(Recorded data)
◇ ◇ ◇ ◇ ◇ ◇ ◇
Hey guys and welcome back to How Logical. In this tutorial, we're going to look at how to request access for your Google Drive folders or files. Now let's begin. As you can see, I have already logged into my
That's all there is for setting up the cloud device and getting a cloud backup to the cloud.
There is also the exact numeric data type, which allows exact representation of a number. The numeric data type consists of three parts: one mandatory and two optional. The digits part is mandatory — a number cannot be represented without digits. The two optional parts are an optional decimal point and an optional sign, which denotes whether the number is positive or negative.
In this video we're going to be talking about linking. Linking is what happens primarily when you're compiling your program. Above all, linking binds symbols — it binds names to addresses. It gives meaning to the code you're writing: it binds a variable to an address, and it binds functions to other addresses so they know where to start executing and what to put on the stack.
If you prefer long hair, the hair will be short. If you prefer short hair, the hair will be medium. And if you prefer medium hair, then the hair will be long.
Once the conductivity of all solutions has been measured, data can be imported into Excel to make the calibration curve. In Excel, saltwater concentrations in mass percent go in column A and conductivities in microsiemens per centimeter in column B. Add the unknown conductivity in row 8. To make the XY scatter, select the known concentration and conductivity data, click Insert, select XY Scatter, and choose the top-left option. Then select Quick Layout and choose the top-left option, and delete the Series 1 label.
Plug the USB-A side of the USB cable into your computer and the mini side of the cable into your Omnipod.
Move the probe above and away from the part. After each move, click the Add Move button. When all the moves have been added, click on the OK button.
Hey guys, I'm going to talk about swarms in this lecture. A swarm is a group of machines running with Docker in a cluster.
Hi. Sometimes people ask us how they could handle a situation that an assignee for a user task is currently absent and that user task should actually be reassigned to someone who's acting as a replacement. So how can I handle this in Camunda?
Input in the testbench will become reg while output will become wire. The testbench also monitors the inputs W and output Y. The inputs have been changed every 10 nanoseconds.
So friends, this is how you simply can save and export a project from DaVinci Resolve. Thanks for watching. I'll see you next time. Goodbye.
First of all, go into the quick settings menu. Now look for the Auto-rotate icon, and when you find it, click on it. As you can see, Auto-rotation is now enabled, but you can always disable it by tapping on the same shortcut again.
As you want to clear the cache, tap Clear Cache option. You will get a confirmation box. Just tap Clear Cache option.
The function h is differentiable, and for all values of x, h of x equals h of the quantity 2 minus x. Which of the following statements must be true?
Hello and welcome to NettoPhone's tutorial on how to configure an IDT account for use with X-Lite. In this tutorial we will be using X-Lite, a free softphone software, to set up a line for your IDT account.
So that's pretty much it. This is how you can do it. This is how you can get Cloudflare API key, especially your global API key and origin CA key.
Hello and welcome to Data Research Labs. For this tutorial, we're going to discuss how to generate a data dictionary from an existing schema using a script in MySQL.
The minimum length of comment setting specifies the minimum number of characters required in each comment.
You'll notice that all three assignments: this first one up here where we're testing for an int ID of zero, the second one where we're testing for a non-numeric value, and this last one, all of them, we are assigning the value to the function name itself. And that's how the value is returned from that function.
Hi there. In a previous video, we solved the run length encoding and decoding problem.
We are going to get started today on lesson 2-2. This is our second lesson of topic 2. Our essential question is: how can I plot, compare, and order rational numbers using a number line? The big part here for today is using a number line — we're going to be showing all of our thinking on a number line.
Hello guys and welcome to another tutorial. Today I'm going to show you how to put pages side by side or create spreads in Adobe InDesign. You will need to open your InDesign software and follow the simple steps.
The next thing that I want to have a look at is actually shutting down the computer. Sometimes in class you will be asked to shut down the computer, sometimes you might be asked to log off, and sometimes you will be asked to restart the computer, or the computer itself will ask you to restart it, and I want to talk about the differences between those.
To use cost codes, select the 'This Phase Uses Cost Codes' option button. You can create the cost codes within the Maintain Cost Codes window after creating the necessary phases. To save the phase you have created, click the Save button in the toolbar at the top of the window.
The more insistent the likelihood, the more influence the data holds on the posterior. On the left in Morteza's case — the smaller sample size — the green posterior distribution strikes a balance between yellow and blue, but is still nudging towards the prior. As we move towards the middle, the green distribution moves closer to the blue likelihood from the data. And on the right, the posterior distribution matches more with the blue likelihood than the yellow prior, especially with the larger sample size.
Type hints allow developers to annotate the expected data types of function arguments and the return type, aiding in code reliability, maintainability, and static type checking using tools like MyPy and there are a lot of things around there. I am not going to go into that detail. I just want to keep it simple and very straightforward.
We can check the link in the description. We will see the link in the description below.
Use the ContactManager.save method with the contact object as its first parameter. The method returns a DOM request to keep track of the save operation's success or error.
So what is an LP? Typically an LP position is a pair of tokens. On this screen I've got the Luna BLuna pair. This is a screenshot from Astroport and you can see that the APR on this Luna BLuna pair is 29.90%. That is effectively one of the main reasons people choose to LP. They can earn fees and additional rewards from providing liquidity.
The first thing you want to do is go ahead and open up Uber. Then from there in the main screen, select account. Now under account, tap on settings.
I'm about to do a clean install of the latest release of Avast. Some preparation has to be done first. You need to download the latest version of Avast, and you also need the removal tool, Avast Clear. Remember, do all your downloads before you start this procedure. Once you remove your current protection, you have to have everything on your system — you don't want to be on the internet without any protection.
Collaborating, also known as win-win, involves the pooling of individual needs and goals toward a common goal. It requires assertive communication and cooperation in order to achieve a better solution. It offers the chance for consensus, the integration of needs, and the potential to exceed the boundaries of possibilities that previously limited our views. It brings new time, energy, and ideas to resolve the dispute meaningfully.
◇ ◇ ◇ ◇ ◇ ◇ ◇
**WHAT NEEDS TO BE DONE**
Which lines in the records above contain the string "account"? Copy them.

**ANSWER TO THIS EXERCISE**
Hello and welcome to NettoPhone's tutorial on how to configure an IDT account for use with X-Lite. In this tutorial we will be using X-Lite, a free softphone software, to set up a line for your IDT account.
The first thing you want to do is go ahead and open up Uber. Then from there in the main screen, select account. Now under account, tap on settings.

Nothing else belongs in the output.